Tapi Eka berusaha lagi. Dari usaha leveransir dan aneka kebutuhan lainnya.
Usahanya juga masih jatuh bangun. Misalnya, ketika sudah berkibar tahun
1950-an, ada Permesta, dan barang dagangannya, terutama kopra habis dijarah
oknum-oknum Permesta. Modal dia habis lagi. Namun Eka bangkit lagi, dan
berdagang lagi. Pada tahun 1980, ia memutuskan untuk melanjutkan usahanya yaitu
menjadi seorang entrepreneur seperti masa mudanya dulu. Ia membeli sebidang
perkebunan kelapa sawit dengan luas lahan 10 ribu hektar yang berlokasi di
Riau. Tak tanggung-tanggung, beliau juga membeli mesin dan pabrik yang bisa
memuat hingga 60 ribu ton kelapa sawit. Bisnis yang dia bangun berkembang
sangat pesat dan dia memutuskan untuk menambah bisnisnya. Pada tahun 1981
beliau membeli perkebunan sekaligus pabrik teh dengan luas mencapai 1000 hektar
dan pabriknya mempunyai kapasitas 20 ribu ton teh.

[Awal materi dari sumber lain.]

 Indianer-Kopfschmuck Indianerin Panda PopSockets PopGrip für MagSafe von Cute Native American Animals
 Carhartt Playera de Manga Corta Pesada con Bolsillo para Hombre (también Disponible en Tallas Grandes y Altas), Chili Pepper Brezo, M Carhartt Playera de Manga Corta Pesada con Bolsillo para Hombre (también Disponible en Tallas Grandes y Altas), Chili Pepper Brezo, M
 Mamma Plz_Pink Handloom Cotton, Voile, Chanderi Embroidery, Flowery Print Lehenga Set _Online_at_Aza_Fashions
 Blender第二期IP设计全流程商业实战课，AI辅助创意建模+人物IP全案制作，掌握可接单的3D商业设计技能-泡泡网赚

Selain berbisnis di bidang kelapa sawit
dan teh, Eka Tjipta Widjaja juga mulai merintis bisnis bank. Ia membeli Bank
Internasional Indonesia dengan asset mencapai 13 milyar rupiah. Namun setelah
beliau kelola, bank tersebut menjadi besar dan memiliki 40 cabang dan cabang
pembantu yang dulunya hanya 2 cabang dan asetnya kini mencapai 9,2 trilliun
rupiah. Bisnis yang semakin banyak membuat Eka Tjipta Widjaja menjadi semakin
sibuk dan kaya. Ia juga mulai merambah ke bisnis kertas. Hal ini dibuktikan
dengan dibelinya PT Indah Kiat yang bisa memproduksi hingga 700 ribu pulp per
tahun dan bisa memproduksi kertas hingga 650 ribu per tahun. Pemilik Sinarmas
Group ini juga membangun ITC Mangga Dua dan Green View apartemen yang berada di
Roxy, dan tak ketinggalan pula ia bangun Ambassador di Kuningan.

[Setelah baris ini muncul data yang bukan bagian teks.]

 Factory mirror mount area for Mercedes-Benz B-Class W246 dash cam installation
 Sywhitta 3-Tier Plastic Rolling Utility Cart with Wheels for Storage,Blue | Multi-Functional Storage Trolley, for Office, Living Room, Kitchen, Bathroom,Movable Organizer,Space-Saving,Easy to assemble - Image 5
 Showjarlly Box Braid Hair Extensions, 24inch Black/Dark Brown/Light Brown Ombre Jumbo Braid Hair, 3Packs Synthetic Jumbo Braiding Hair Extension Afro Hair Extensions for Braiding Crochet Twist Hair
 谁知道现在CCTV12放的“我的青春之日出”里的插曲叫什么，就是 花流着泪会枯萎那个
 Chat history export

Eka Tjipta Widjaja mempunyai keluarga yang
selalu mendukungnya dalam hal bisnis dan kehidupannya. Beliau menikah dengan
seorang wanita bernama Melfie Pirieh Widjaja dan mempunyai 7 orang anak.
Anak-anaknya adalah Nanny Widjaja, Lanny Widjaja, Jimmy Widjaja, Fenny Widjaja,
Inneke Widjaja, Chenny Widjaja, dan Meilay Widjaja.